Task instructions - Exactly the lines from the one containing "Nicho Infantil Principe" through the end of the data, and nothing more, should be retyped; pictures stay out.

Extracted records -
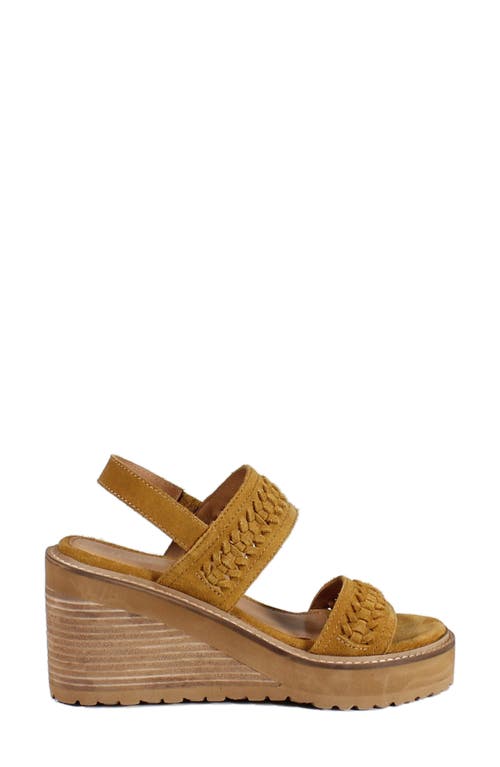 Diba True Cab Ernet Platform Wedge Sandal In Yellow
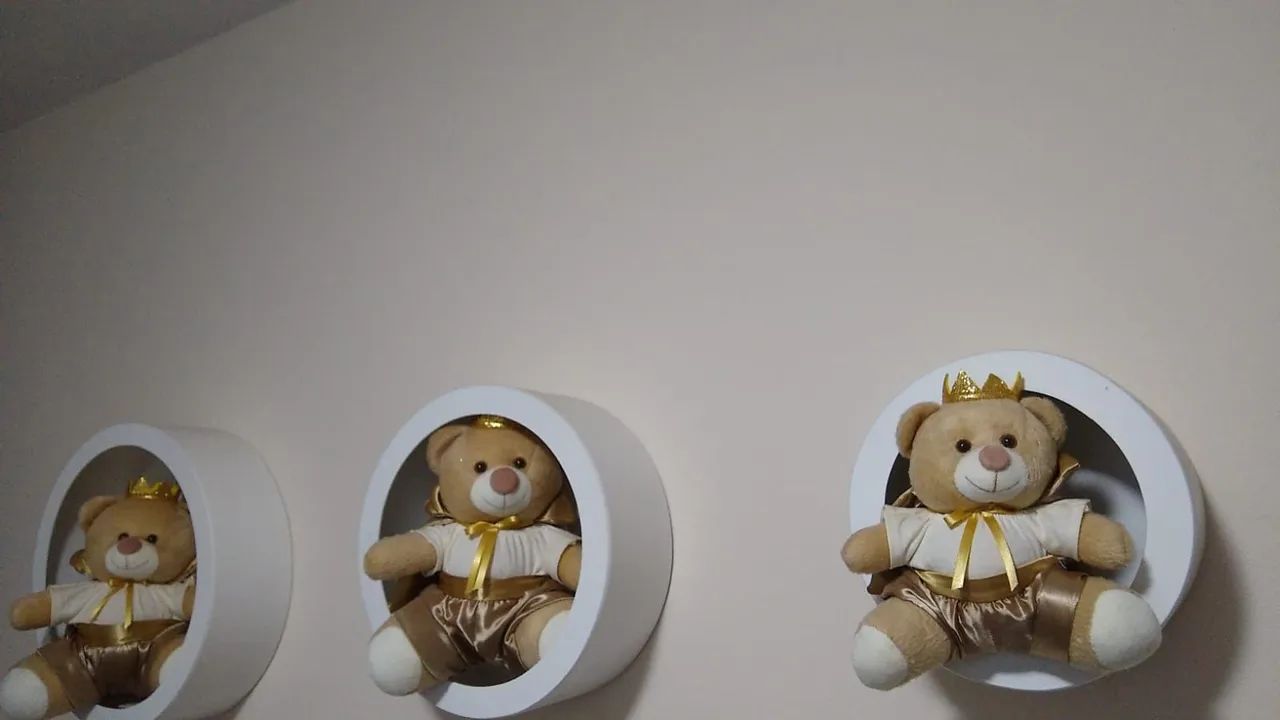 Nicho Infantil Principe e Kit Higiene com Abajour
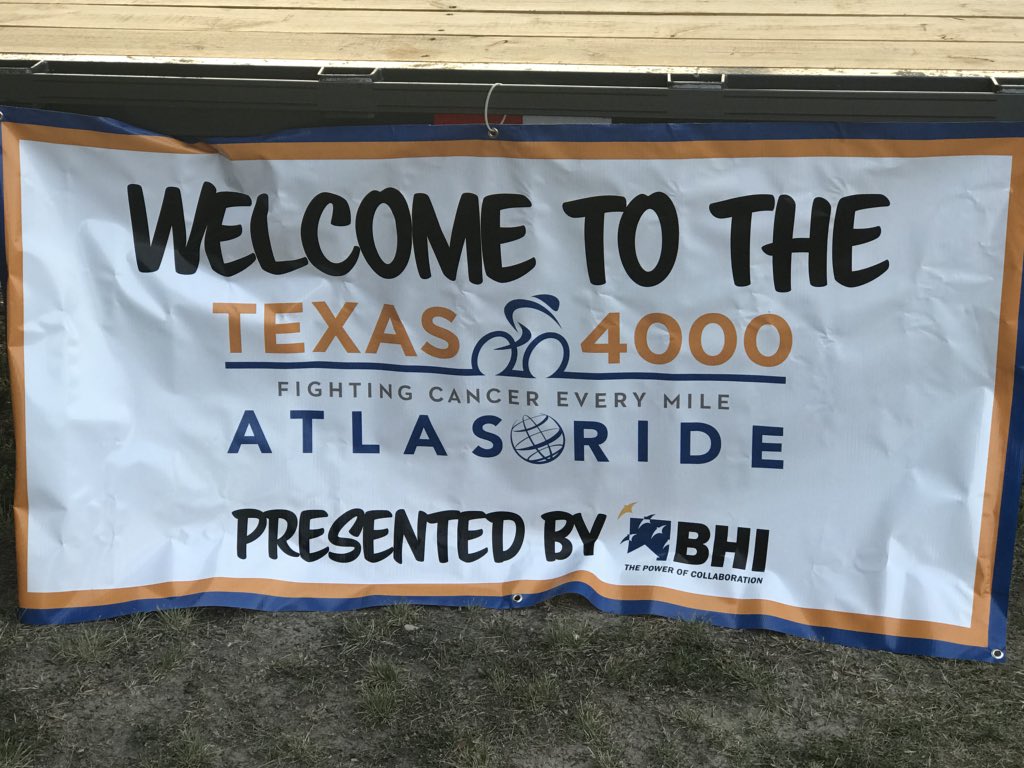 CrewsnTX's tweet photo. Thank you @THE_BDX #BHI for being the Presenting Sponsor of the @Texas4000 #ATLASRide! https://t.co/gM4Y9BecSQ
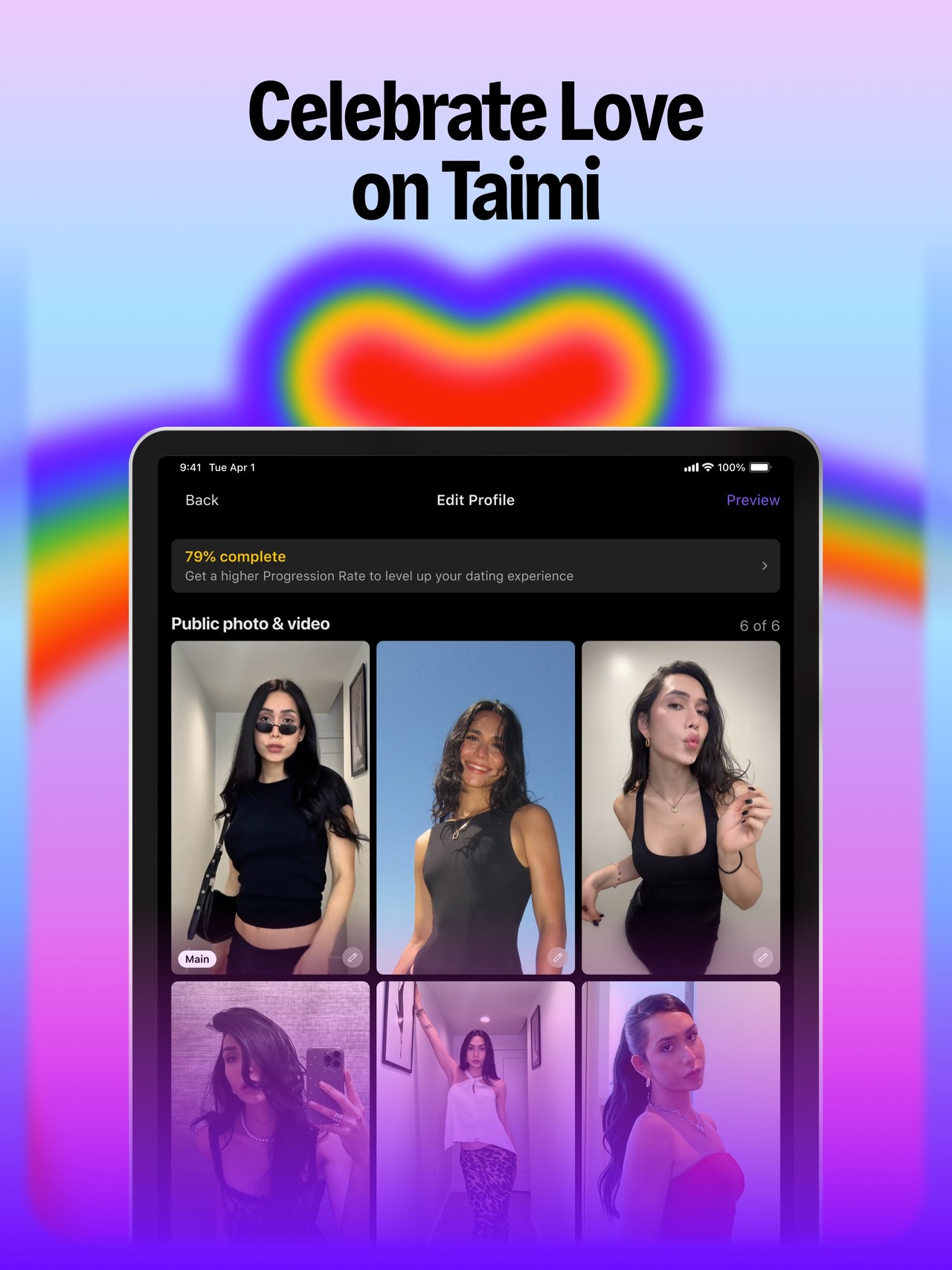 Taimi: LGBTQ+ Dating & Meet Up iPad screenshot 5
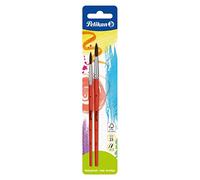 Pelikan 23/4/8/B - Pinceles de cerdas (tamaños 4 y 8)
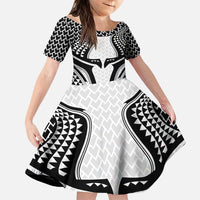 Hawaiian Kakau Art Tattoos Aquaman Style Family Matching Puletasi and Hawaiian Shirt White Version - Wonder Print Shop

Answer space -
 Nicho Infantil Principe e Kit Higiene com Abajour
 CrewsnTX's tweet photo. Thank you @THE_BDX #BHI for being the Presenting Sponsor of the @Texas4000 #ATLASRide! https://t.co/gM4Y9BecSQ
 Taimi: LGBTQ+ Dating & Meet Up iPad screenshot 5
 Pelikan 23/4/8/B - Pinceles de cerdas (tamaños 4 y 8)
 Hawaiian Kakau Art Tattoos Aquaman Style Family Matching Puletasi and Hawaiian Shirt White Version - Wonder Print Shop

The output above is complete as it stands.